Stickstoffreicher Boden verdoppelt das tropische Waldwachstum, so eine Studie
Tropische Wälder können sich nach der Entwaldung doppelt so schnell erholen, wenn ihre Böden ausreichend Stickstoff enthalten. Dies geht aus einer neuen Studie der Universität Leeds hervor. Die über Jahrzehnte in Mittelamerika durchgeführte Forschung zeigte die entscheidende Rolle von Stickstoff bei der Beschleunigung des Waldwachstums und der Steigerung der Kohlenstoffbindung und bietet Einblicke in effektivere Aufforstungsstrategien.

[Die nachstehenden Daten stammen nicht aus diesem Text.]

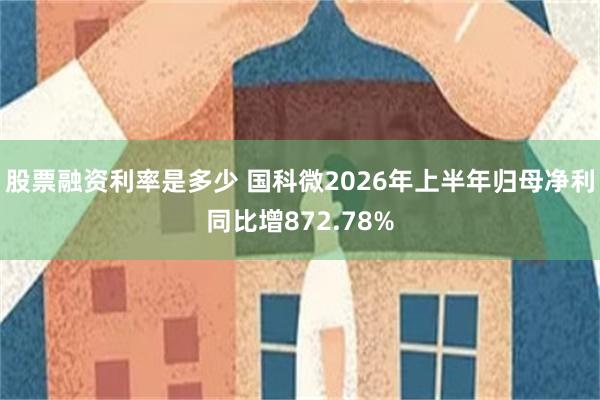 股票融资利率是多少 国科微2026年上半年归母净利同比增872.78%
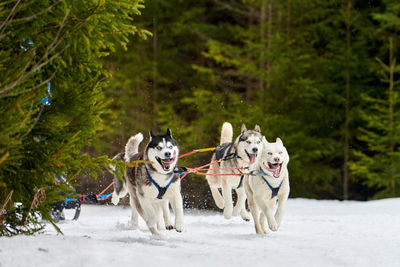 Running husky dog on sled dog racing. winter dog sport sled team competition. siberian husky dog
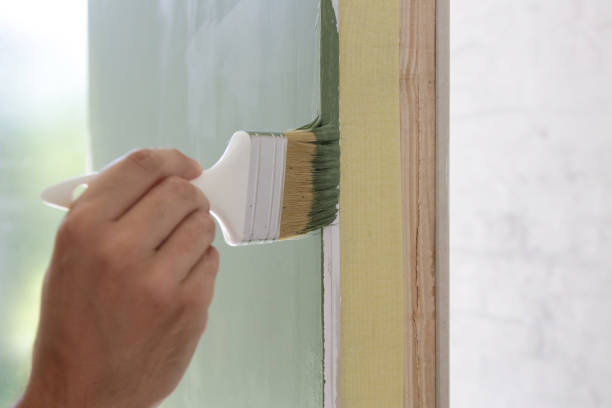 Best Attic Mold Removal  in Carolina Beach, NC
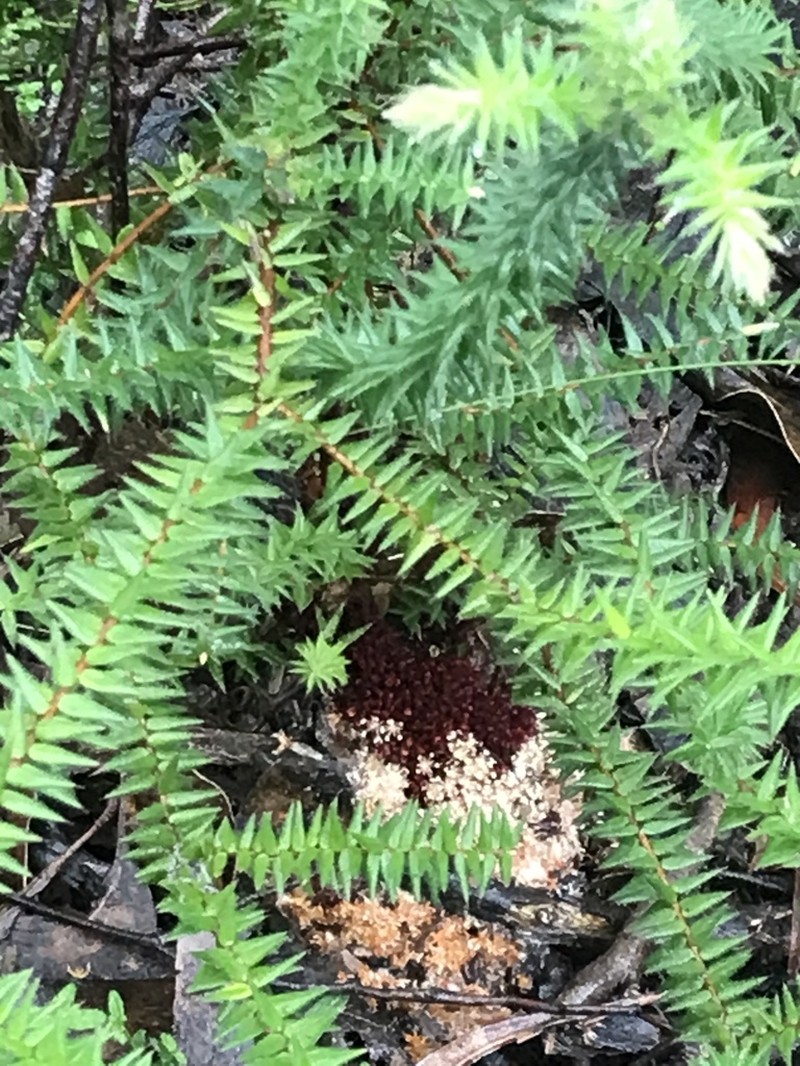 Acrotriche fasciculiflora photo 6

Die Studie, die Waldflächen in Mittelamerika über Jahrzehnte verfolgte, zeigte, dass Bodennährstoffe eine entscheidende Rolle bei der natürlichen Wiederaufforstung spielen. Forscher fanden heraus, dass stickstoffreicher Boden die Geschwindigkeit, mit der Bäume nach der Entwaldung zurückkehrten, deutlich erhöhte, was laut Science Daily zu einer Verdoppelung der Nachwachstumsrate führte.
Schnelleres Nachwachsen führt direkt zu einer erhöhten Kohlenstoffbindung aus der Atmosphäre und unterstreicht das Potenzial naturbasierter Lösungen im Kampf gegen den Klimawandel. Die Ergebnisse legen nahe, dass Aufforstungsbemühungen Strategien priorisieren sollten, die mit den natürlichen Bodenbedingungen arbeiten, anstatt sich ausschließlich auf Düngemittel zu verlassen.
Die Forschung weist auf einen intelligenteren Ansatz zur Wiederaufforstung hin und betont die Bedeutung des Verständnisses und der Nutzung natürlicher Bodennährstoffe. Durch die Konzentration auf die Verbesserung der Bodengesundheit können Aufforstungsprojekte schnellere und nachhaltigere Ergebnisse erzielen und sowohl zum Erhalt der biologischen Vielfalt als auch zur Eindämmung des Klimawandels beitragen.